Comment est-ce que tu définirais ton style de ski ?

Tout d'abord j’ai fait de l’alpin jusqu’à 16 ans, dont deux ans en courses FIS. Puis j’ai naturellement "switché" pour le freeride. J’essaie d’exploiter au maximum mes atouts, dont ma technique de ski que j’ai apprise pendant toutes ces années dans les piquets. Rapidement j’ai pu voir que j’arrivais à skier vite, notamment dans les parties techniques. Je me suis dis que je n’allais pas essayer de faire des tricks ou du freestyle dans mes runs, je voulais faire quelque chose d’unique avec ce que je savais faire, et maintenant j’arrive à prendre lignes assez techniques que je suis parfois le seul à prendre ! Par exemple, sans me comparer bien sur, Xavier de Le Rue avait le même raisonnement : il avait de la facilité à aller très vite. Donc il prenait des lignes en conséquence, et ça payait !
Je me considèrerais plutôt comme un skieur alpin plutôt qu’un freerideur au style backcountry. Il y a vraiment ces deux évolutions, ces deux styles dans le freeride. Et il y a des gars comme Loïc (Collomb-Patton) qui arrivent à faire les deux : il va skier dans des endroits improbables, et puis tout d’un coup il met un 36 sur une barre, ce sont des mecs assez redoutables ceux-là ! Ils ont fait les X-Games quand ils étaient plus jeunes, ils viennent du ski de bosse, etc. Un peu comme Candide, c’est la même école ! Quand ils sont en forme tu ne peux pas faire grand chose contre eux… Après nous sommes une vingtaine de skieurs au départ, pour moi nous sommes tous susceptibles de gagner et finir sur le podium. C’est bien sélectionné, certains arrivent des FWQ, d’autres sont invités mais ils ne le sont pas pour rien, tout le monde a le potentiel de finir sur la boite et finir champion du monde à Verbier. Et c’est ça qui est excitant, on ne sait jamais qui va gagner ! Chez les hommes en tout cas, parce que l’année dernière Eva (Walkner) avait déjà gagné dès l’étape d’Alaska.

Comment te prépares-tu avant une saison de ski ?
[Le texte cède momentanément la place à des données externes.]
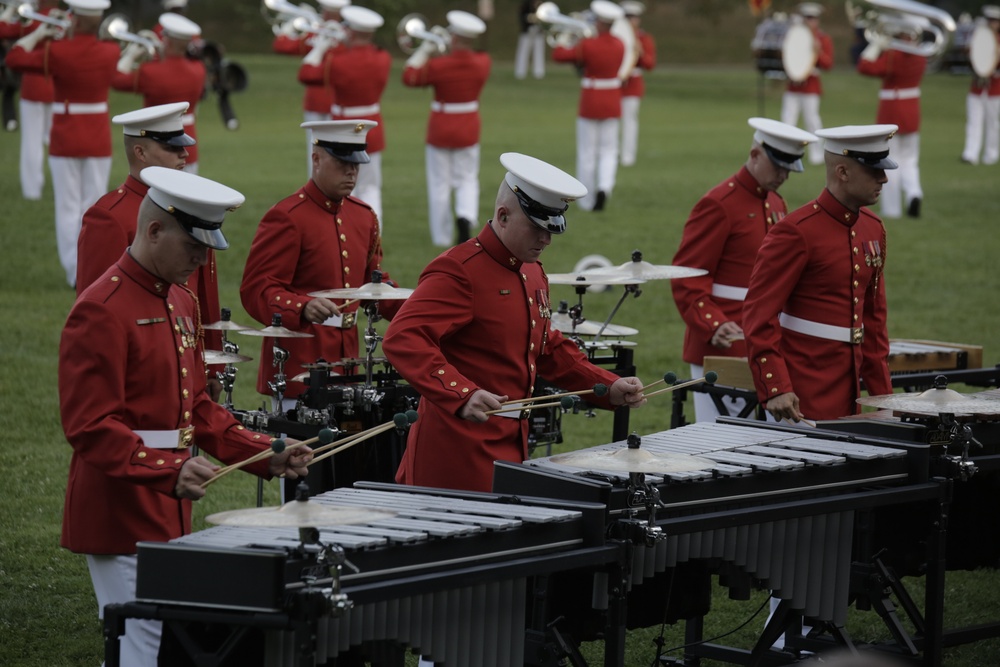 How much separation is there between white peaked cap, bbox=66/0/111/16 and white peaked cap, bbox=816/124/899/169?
768cm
Je fais ça tout seul. En général, je finis fin juin de skier, et là je prends entre un mois et un mois et demi de pause. Je pars au chaud, ou en tout cas je fais totalement autre chose, pour couper les ponts, se reposer, etc. Ensuite je rentre, et je fais aussi beaucoup de deltaplane donc je vole pas mal, et à côté je commence l’entraînement. De l'entraînement au fitness pour garder le physique. Je fais beaucoup de vélo aussi, j’ai la chance de m’entrainer avec un ami qui fait de l’enduro. On fait les mêmes entraînements au fitness donc ça motive bien vu qu’on est pas fédérés et qu’on a pas de groupe en Suisse. Dès que je peux, lorsque les glaciers ouvrent, je vais faire un ou deux jours par semaine de ski, souvent du slalom, histoire de reprendre le feeling, de glisser simplement. Et j’essaie de ne pas reprendre trop vite, cette année c’était facile, mais lorsqu’il y a de bonnes conditions dès le mois de novembre, j’essaie de me tempérer un peu, ne pas être excité par les premières neiges parce que c’est tout le temps là qu’on se blesse. Et en même temps, je fais très attention à ce que je mange, comment je m’entraine, etc. Le freeride s'est beaucoup professionnalisé, et je pense que si tu ne t’entraines pas sérieusement, tu n'as aucune chance de rivaliser avec les gaillards qui sont sur le tour maintenant. 

La Liste : un film de ski de pente raide

Alors, ton projet, parles-nous en ! D’où vient cette idée ?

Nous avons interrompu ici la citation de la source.